**Your task**
Answer with the exact lines of the following material from the one containing "Einfacher Hauswirtschaftsraum mit" through the one containing "Lot 281 - Four yellow metal gem set rings", both end lines included.

**Available records**
------------------------------------------------

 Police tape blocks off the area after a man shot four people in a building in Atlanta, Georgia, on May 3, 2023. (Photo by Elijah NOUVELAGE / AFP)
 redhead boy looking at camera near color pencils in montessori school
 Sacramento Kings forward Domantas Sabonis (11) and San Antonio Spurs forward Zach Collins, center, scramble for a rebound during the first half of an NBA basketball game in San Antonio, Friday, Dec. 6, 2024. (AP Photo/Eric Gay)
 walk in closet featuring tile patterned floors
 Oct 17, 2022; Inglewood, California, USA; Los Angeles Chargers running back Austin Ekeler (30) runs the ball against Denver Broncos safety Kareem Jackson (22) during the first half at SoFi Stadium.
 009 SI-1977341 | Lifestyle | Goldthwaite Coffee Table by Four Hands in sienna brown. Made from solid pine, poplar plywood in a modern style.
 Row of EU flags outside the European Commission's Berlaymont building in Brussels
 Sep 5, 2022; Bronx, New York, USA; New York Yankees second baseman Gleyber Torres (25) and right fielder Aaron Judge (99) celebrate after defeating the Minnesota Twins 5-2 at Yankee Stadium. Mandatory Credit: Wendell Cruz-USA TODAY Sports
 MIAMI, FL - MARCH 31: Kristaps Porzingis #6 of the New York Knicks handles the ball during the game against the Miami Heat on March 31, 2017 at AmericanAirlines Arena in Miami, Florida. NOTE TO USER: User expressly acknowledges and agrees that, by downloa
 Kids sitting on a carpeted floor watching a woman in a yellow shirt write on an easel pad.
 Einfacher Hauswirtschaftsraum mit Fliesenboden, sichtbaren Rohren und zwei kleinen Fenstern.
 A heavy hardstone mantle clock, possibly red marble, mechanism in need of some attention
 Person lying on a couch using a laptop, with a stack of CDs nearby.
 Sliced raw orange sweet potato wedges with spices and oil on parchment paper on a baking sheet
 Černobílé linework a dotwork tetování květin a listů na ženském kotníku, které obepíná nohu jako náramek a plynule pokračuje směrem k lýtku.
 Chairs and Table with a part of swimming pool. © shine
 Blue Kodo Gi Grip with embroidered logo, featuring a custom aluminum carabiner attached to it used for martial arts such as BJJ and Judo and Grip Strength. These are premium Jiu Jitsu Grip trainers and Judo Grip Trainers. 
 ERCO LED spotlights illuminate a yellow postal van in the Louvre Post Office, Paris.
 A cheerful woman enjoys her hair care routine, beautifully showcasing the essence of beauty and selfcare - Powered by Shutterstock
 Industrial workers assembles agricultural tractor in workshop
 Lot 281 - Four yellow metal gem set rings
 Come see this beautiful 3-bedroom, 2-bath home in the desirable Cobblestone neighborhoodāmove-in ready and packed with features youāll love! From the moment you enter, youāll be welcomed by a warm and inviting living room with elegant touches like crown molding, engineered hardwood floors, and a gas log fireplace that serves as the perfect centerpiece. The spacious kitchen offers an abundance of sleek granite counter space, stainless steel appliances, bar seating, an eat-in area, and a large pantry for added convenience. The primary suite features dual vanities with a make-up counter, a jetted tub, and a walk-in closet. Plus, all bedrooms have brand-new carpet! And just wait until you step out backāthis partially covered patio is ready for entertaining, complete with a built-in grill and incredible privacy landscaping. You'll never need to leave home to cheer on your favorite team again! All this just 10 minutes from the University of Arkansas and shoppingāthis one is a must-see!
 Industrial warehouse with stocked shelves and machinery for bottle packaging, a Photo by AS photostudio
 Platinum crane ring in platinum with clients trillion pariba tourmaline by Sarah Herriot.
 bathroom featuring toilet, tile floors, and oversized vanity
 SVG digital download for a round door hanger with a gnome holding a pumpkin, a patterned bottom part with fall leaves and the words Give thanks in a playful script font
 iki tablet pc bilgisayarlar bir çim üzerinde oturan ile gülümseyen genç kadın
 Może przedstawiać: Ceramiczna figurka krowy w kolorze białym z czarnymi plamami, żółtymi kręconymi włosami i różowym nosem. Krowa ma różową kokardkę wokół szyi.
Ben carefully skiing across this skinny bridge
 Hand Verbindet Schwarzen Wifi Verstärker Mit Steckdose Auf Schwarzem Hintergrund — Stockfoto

------------------------------------------------

**Exercise solution**
 Einfacher Hauswirtschaftsraum mit Fliesenboden, sichtbaren Rohren und zwei kleinen Fenstern.
 A heavy hardstone mantle clock, possibly red marble, mechanism in need of some attention
 Person lying on a couch using a laptop, with a stack of CDs nearby.
 Sliced raw orange sweet potato wedges with spices and oil on parchment paper on a baking sheet
 Černobílé linework a dotwork tetování květin a listů na ženském kotníku, které obepíná nohu jako náramek a plynule pokračuje směrem k lýtku.
 Chairs and Table with a part of swimming pool. © shine
 Blue Kodo Gi Grip with embroidered logo, featuring a custom aluminum carabiner attached to it used for martial arts such as BJJ and Judo and Grip Strength. These are premium Jiu Jitsu Grip trainers and Judo Grip Trainers. 
 ERCO LED spotlights illuminate a yellow postal van in the Louvre Post Office, Paris.
 A cheerful woman enjoys her hair care routine, beautifully showcasing the essence of beauty and selfcare - Powered by Shutterstock
 Industrial workers assembles agricultural tractor in workshop
 Lot 281 - Four yellow metal gem set rings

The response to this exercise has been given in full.